VxFS computes files' I/O temperatures over the period between the time when the fsppadm enforce command was issued and the number of days or hours in the past specified in the <PERIOD> element, where a day is a 24 hour period. The default unit of time is days. You can specify hours as the time unit by setting the Units attribute of the <PERIOD> element to hours. Symantec recommends that you specify hours only if you are using solid state disks (SSDs).

See Frequent SmartTier scans with solid state disks.

For example, if you issued the fsppadm enforce command at 2 PM on Wednesday and you want VxFS to look at file I/O activity for the period between 2 PM on Monday and 2 PM on Wednesday, which is a period of 2 days, you would specify the following <PERIOD> element:

  <PERIOD> 2 </PERIOD>

If you instead want VxFS to look at file I/O activity between 3 hours prior to running the fsppadm enforce command and the time that you ran the command, you specify the following <PERIOD> element:

  <PERIOD Units="hours"> 3 </PERIOD>

The amount of time specified in the <PERIOD> element should not exceed one or two weeks due to the disk space used by the File Change Log (FCL) file.

See About the Veritas File System File Change Log file.

I/O temperature is a softer measure of I/O activity than access age. With access age, a single access to a file resets the file's atime to the current time. In contrast, a file's I/O temperature decreases gradually as time passes without the file being accessed, and increases gradually as the file is accessed periodically. For example, if a new 10 megabyte file is read completely five times on Monday and fsppadm enforce runs at midnight, the file's two-day I/O temperature will be five and its access age in days will be zero. If the file is read once on Tuesday, the file's access age in days at midnight will be zero, and its two-day I/O temperature will have dropped to three. If the file is read once on Wednesday, the file's access age at midnight will still be zero, but its two-day I/O temperature will have dropped to one, as the influence of Monday's I/O will have disappeared.
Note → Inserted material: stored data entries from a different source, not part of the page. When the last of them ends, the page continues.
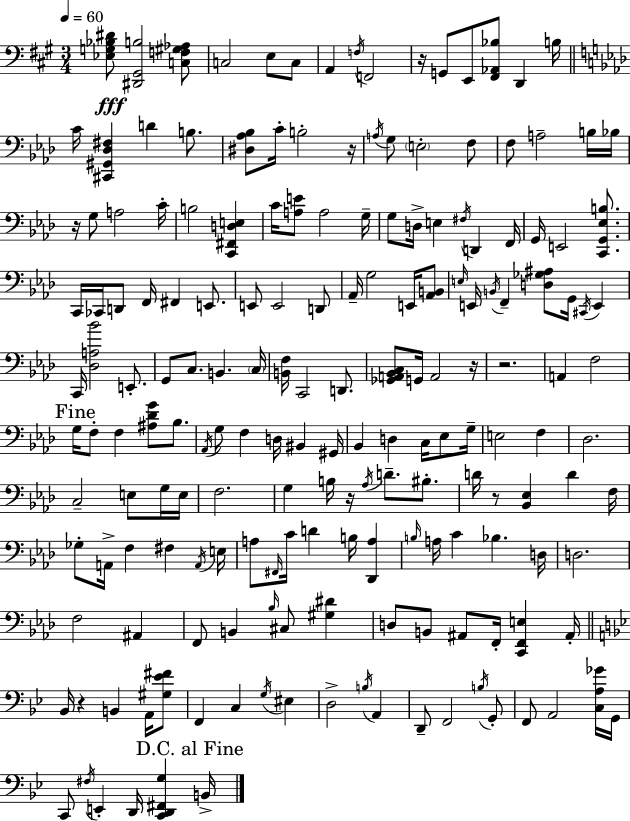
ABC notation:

X:1
T:Untitled
M:3/4
L:1/4
K:A
[_E,G,_B,^D]/2 [^D,,^G,,B,]2 [C,F,^G,_A,]/2 C,2 E,/2 C,/2 A,, F,/4 F,,2 z/4 G,,/2 E,,/2 [^F,,_A,,_B,]/2 D,, B,/4 C/4 [^C,,^G,,_D,^F,] D B,/2 [^D,_A,_B,]/2 C/4 B,2 z/4 A,/4 G,/2 E,2 F,/2 F,/2 A,2 B,/4 _B,/4 z/4 G,/2 A,2 C/4 B,2 [C,,^F,,D,E,] C/4 [A,E]/2 A,2 G,/4 G,/2 D,/4 E, ^F,/4 D,, F,,/4 G,,/4 E,,2 [C,,G,,_E,B,]/2 C,,/4 _C,,/4 D,,/2 F,,/4 ^F,, E,,/2 E,,/2 E,,2 D,,/2 _A,,/4 G,2 E,,/4 [_A,,B,,]/2 E,/4 E,,/4 B,,/4 F,, [D,_G,^A,]/2 G,,/4 ^C,,/4 E,, C,,/4 [_D,A,_B]2 E,,/2 G,,/2 C,/2 B,, C,/4 [B,,F,]/4 C,,2 D,,/2 [_G,,A,,_B,,C,]/2 G,,/4 A,,2 z/4 z2 A,, F,2 G,/4 F,/2 F, [^A,_DG]/2 _B,/2 _A,,/4 G,/2 F, D,/4 ^B,, ^G,,/4 _B,, D, C,/4 _E,/2 G,/4 E,2 F, _D,2 C,2 E,/2 G,/4 E,/4 F,2 G, B,/4 z/4 _A,/4 D/2 ^B,/2 D/4 z/2 [_B,,_E,] D F,/4 _G,/2 A,,/4 F, ^F, A,,/4 E,/4 A,/2 ^F,,/4 C/4 D B,/4 [_D,,A,] B,/4 A,/4 C _B, D,/4 D,2 F,2 ^A,, F,,/2 B,, _B,/4 ^C,/2 [^G,^D] D,/2 B,,/2 ^A,,/2 F,,/4 [C,,F,,E,] ^A,,/4 _B,,/4 z B,, A,,/4 [^G,_E^F]/2 F,, C, G,/4 ^E, D,2 B,/4 A,, D,,/2 F,,2 B,/4 G,,/2 F,,/2 A,,2 [C,A,_G]/4 G,,/4 C,,/2 ^F,/4 E,, D,,/4 [C,,D,,^F,,G,] B,,/4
If the intention of a file placement policy is to keep files in place, such as on top-tier storage devices, as long as the files are being accessed at all, then access age is the more appropriate relocation criterion. However, if the intention is to relocate files as the I/O load on them decreases, then I/O temperature is more appropriate.

The case for upward relocation is similar. If files that have been relocated to lower-tier storage devices due to infrequent access experience renewed application activity, then it may be appropriate to relocate those files to top-tier devices. A policy rule that uses access age with a low <MAX> value, that is, the interval between fsppadm enforce runs, as a relocation criterion will cause files to be relocated that have been accessed even once during the interval. Conversely, a policy that uses I/O temperature with a <MIN> value will only relocate files that have experienced a sustained level of activity over the period of interest.